She said that she had then come down about 40 miles later.
“Around km 190, I crashed hard at high speed. For a moment, I wasn’t sure if my race was over,” she continued to explain in her diary recap.
“As if the crash wasn’t enough, heavy rain started pouring down shortly after. We got stopped by a train, stood there freezing, soaked, and suddenly finishing didn’t seem so important anymore. But sometimes you don’t need to decide about the finish line—you only need to decide about the next kilometre. I told myself I would ride to the next feed at km 240 and reassess there.”
After the delay for the freight train, which lasted more than six minutes, she picked up Aguirre who had stopped to fix a rear wheel issue and the two rode together to the third and final feed zone. It was Kasper who became recharged and motivated Aguirre, who was looking for points in the Life Time Grand Prix. The two talked and Kasper said she would not leave her teammate behind.
The final 58 miles was a “fight of pure determination” according to Kasper.
“We kept catching riders one after another. Even when I felt completely empty around km 270, I refused to give in. In the end, I even won the sprint of our group to take seventh place,” Kasper wrote.

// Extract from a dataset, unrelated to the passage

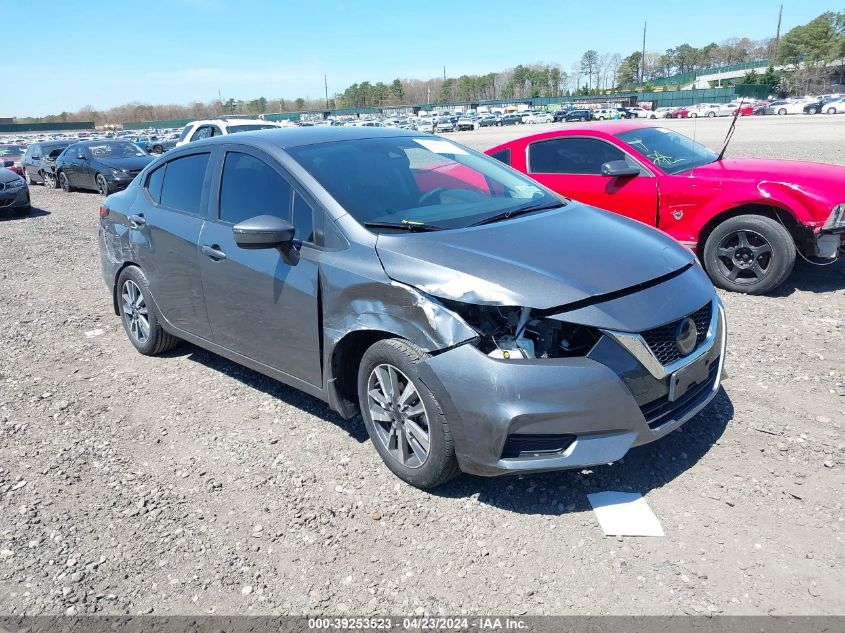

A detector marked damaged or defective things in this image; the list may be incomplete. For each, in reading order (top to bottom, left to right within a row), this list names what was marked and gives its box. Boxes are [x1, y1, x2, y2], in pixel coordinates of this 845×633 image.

“After more than 330km of racing, mud, rain, crashes, doubts, and countless highs and lows, I’m super happy with this Top 10.”
Not one but two trains
Kasper also helped Aguirre not only make it to the finish in 11th, but move to a tie for 10th, with Samara Sheppard, in the Grand Prix standings.
“Romy said at the [final] feed ‘we’re gonna finish together’,” Aguirre told Cyclingnews after crossing the line in Emporia, smiling at her teammate, through equally bleary eyes and with a mud-crusted face.
“I think with the conditions the way that they were, it was survival. I mean, we’re riding without glasses, you can’t see. I’m a little worried about how much cow poop I swallowed. If I get sick, I would not be surprised. I mean, it was torrential downpours, lightning, thunder.”
The Portland, Oregon native is used to rain, but it wasn’t just the elements of nature which stopped her progress multiple times.
“I do understand that there is only so much they can do to actually stop the trains, I do think the fact that there are no ways to make a fair race afterwards are a bit crazy. I was stopped twice. The first time I was just before feed zone 2,” she said, connecting with Lauren Stephens there.
“The second time was the exceptionally long train with Lauren De Crescenzo. We had broken away from this larger group, with Lauren Stephens, LDC and myself, dropped Lauren in the middle and then just before almost catching Sarah Lange and Haley Preen, we saw the train and we all ended up stopped.
“Then after a few minutes we were caught by everyone behind and then some, we maybe were eight at that point. This is when I got really sad and frustrated. I think to have to ride Unbound on a good day is really hard, but then to have to do it in these conditions is another thing, [and] to quite literally have road-block after road-block.”
After crossing the tracks, the next blockage was a stop for a rear wheel puncture. That is when Kasper joined her teammate and the two made up ground, it was only the breakaway of five and De Crescenzo they could not catch.
“From 26th position to fighting for seventh, I’m happy that I kept pushing with everything that happened. There’s so much power in knowing that the brain is so deeply connected to the physical aspect of this sport. Sometimes an equally scary fact too,” Aguirre said.